What Sort Of Business, Did You Say?!

March 27, 2014 in Small Business, Small Business Advice by lizbygrave

by Marcia MacLeod

If you’ve attended a Small Business Network meeting, the chances are you have already launched your small business. But if you are still at the ‘wouldn’t it be nice’ stage, have you thought about what you want to do? How do you decide what sort of business to start? You can’t just pick a product or service you know nothing about!

Most new small business owners launch their business because they want to turn their hobby into a money-maker. But sometimes people fall into their new venture. Perhaps they were made redundant from a full-time job, or went of their own volition, and left with knowledge, skills and contacts in that field. Maybe they started out by helping friends and family: helping a friend pick the perfect wedding dress or a new suit for a killer interview could lead to becoming a personal shopper; learning how to fix your own computer and write your own programmes could morph into a career. Sometimes an opportunity just falls in your lap – like learning reiki or moving from using a product to selling it, just as Sarah Montgomery, who sells Forever’s aloe vera products, has done.

But there’s more to launching a successful small business than just having a passion you think might make you some money. First, you need to ask yourself if you could keep that passion when you’re doing whatever it is all day, every day and, in the beginning, all night, too. I always loved horses, but decided as a teenager I would never make them my life because I know that having to be outside every day in all weathers, mucking out, dealing with sick or lame horses, and with those with less than equitable temperaments would soon turn the hobby into a hated chore.

Second, you need to ask yourself honestly if you’re as good at whatever it is as you think you are. If you can’t make an honest analysis of your ability, ask your best friend instead. Can you really write scintillating copy everyone will want to read? Or have the healing touch? Or a creative flair that ensures your web pages are more attractive than the next designer’s? Remember, it’s a competitive world out there and any chinks in your armour will soon be revealed.

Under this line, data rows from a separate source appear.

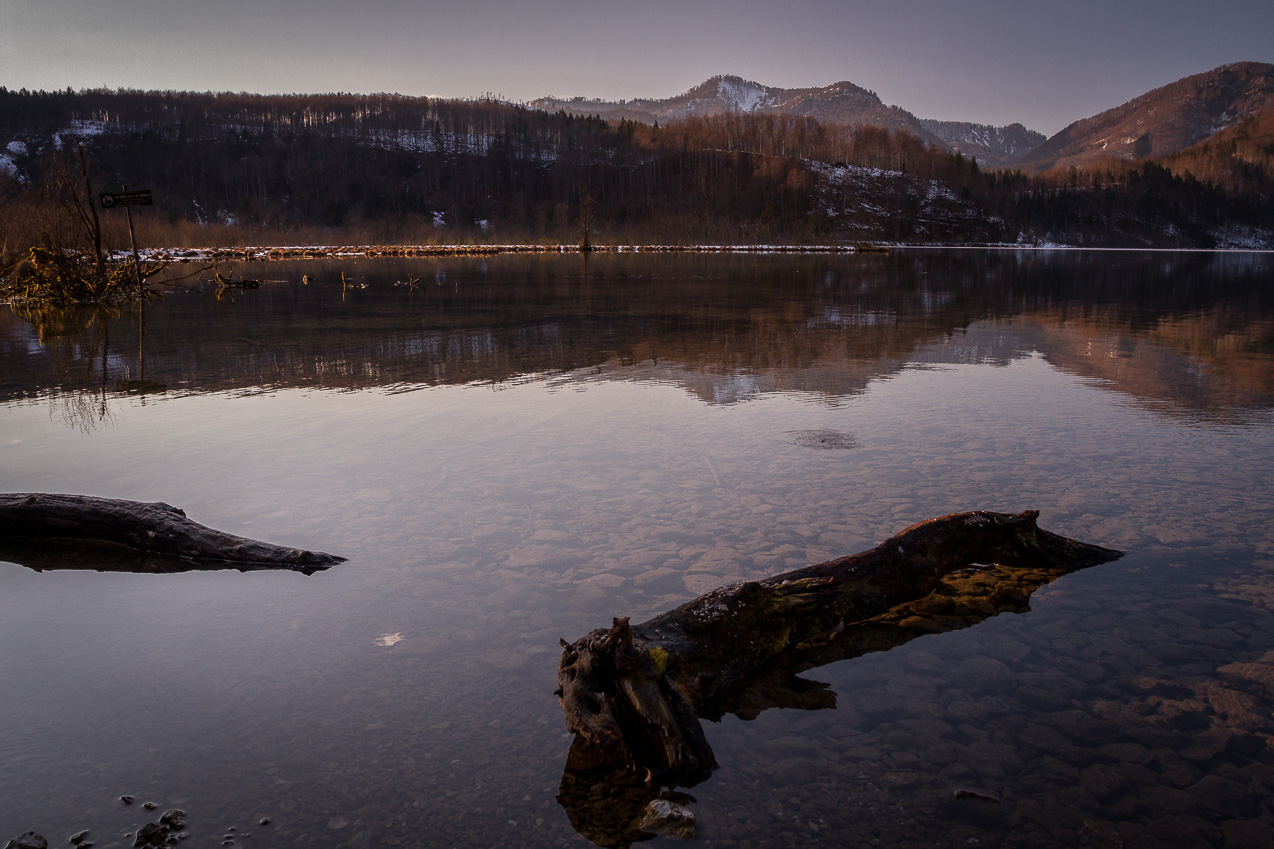 Almsee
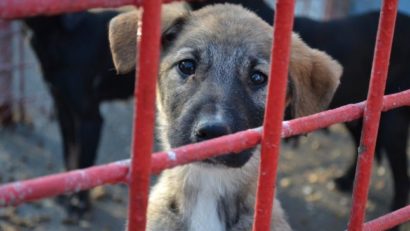 Ce acte vă trebuie ca să adoptaţi un câine din ecarisajul Constanţa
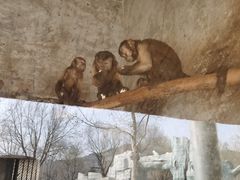 -石家庄市动物园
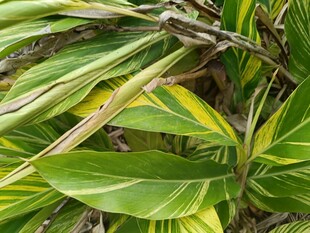 翠绿斑斓的热带植物叶片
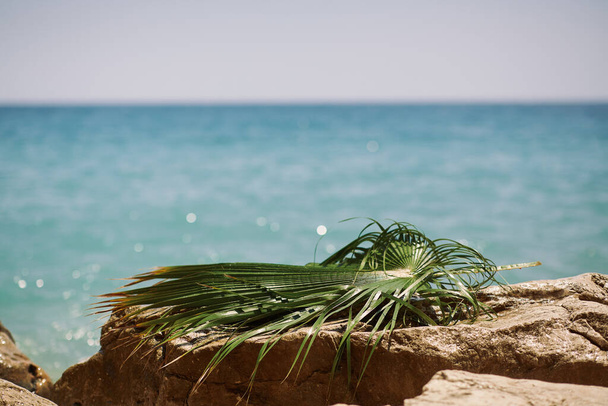 Rocky Beach with Palm Leaf Vacation Background - Φωτογραφία, εικόνα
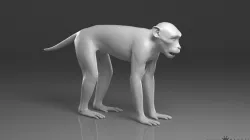 Rhesus Macaque Monkey - Highpoly Sculpture 3D model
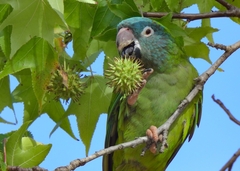 Thectocercus acuticaudatus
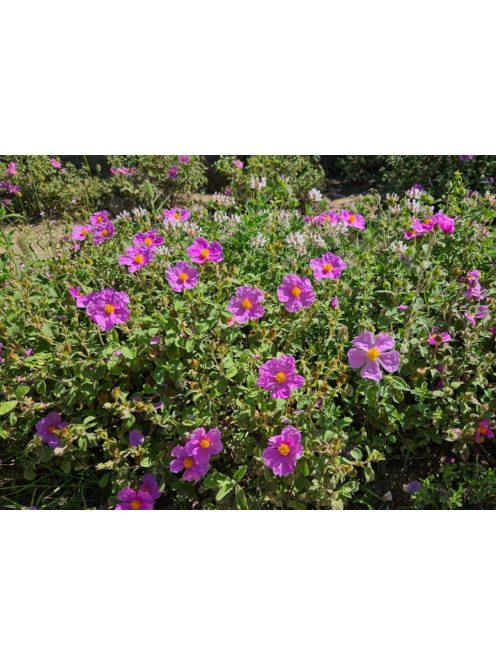 Bodorrózsa / CISTUS incanus ssp. tauricus
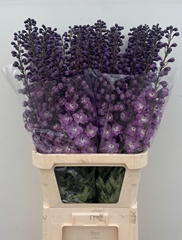 Delphinium Double Dewi Hercules 100cm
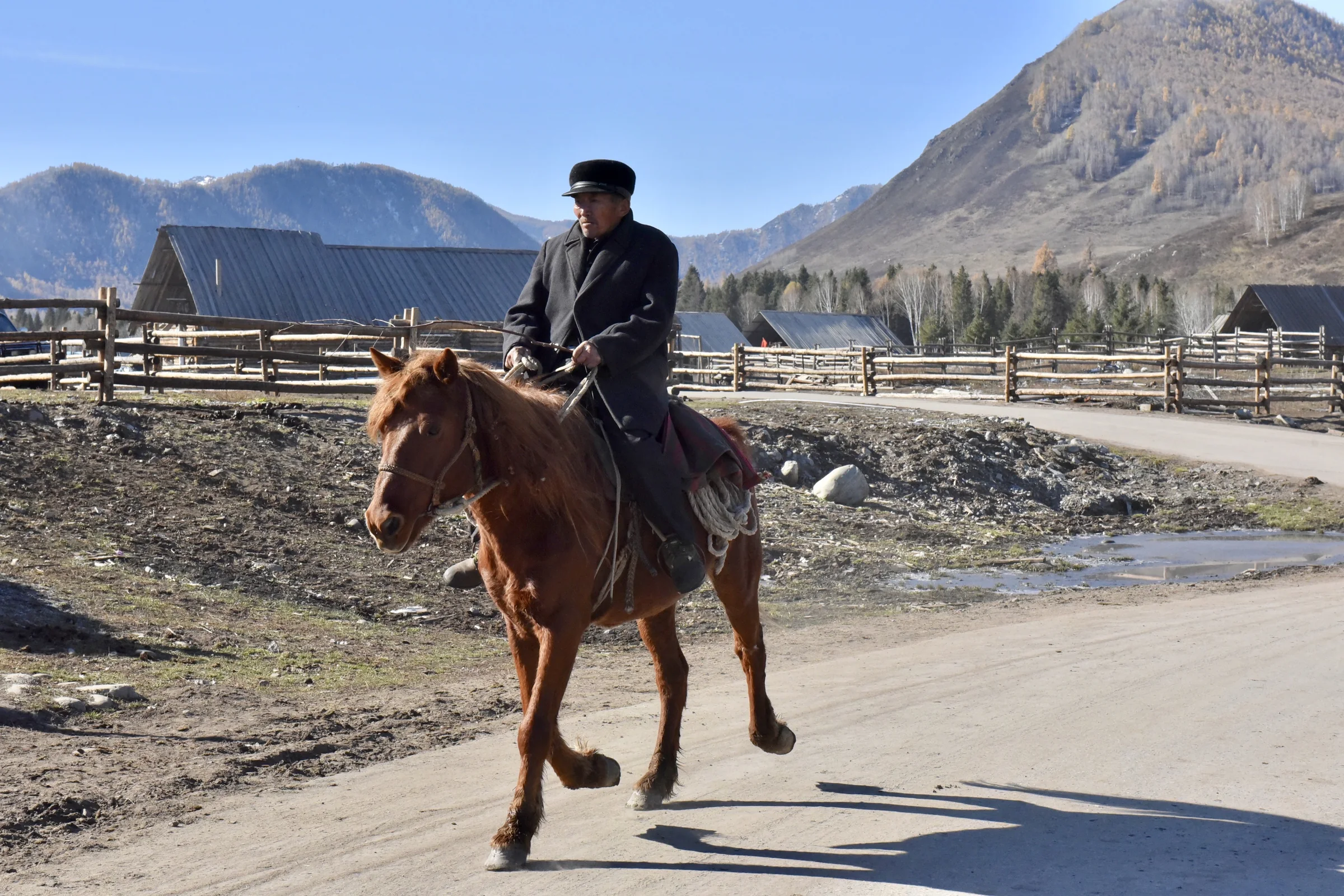 A man riding a brown horse along a quiet village road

And that brings us to the third consideration: how much competition is there in your field in your chosen geographical area? Some skills, such as writing and web design, can be done remotely, widening your potential customer base. Some, such as accountancy and computer support, are in such demand that, providing you are good enough, you should not want for customers. But if there are already four or five hypnotherapists or business coaches or dog walkers in your catchment area, there is no point in setting up a hypnotherapy practice unless you are prepared to travel widely.

In any case, you have to like what you’re doing. Someone who doesn’t know a flan tin from a bundt pan and has never baked a cake in their life wouldn’t – I hope – dream of starting a cake (or a catering) business. Think about it: if you don’t like the subject, you’re going to hate every minute of your working life. If you don’t enjoy it, you won’t be good at it. If you’re not good at it, you won’t succeed.